[Given data]:
•••••
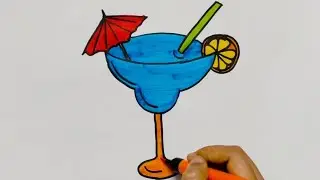 How to draw a cocktail drink in an easy way|How to draw a cocktail step by step|cocktail drawing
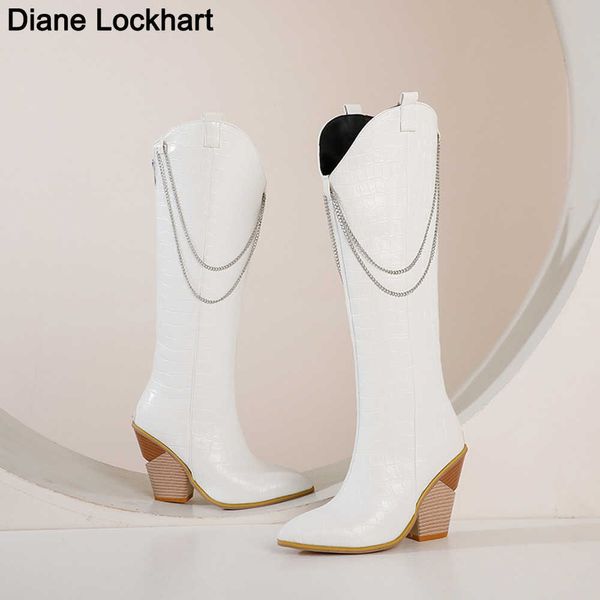fashion embossed women long winter boots pointed toe western cowboy boots women knee high chunky wedges shoes chain zip bottes 230403, Black
fashion embossed women long winter boots pointed toe western cowboy boots women knee high chunky wedges shoes chain zip bottes 230403, Black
•••••
[Required action]:
Down to the last line, print the material exactly, but not its pictures.

[Task answer]:
 How to draw a cocktail drink in an easy way|How to draw a cocktail step by step|cocktail drawing
fashion embossed women long winter boots pointed toe western cowboy boots women knee high chunky wedges shoes chain zip bottes 230403, Black
fashion embossed women long winter boots pointed toe western cowboy boots women knee high chunky wedges shoes chain zip bottes 230403, Black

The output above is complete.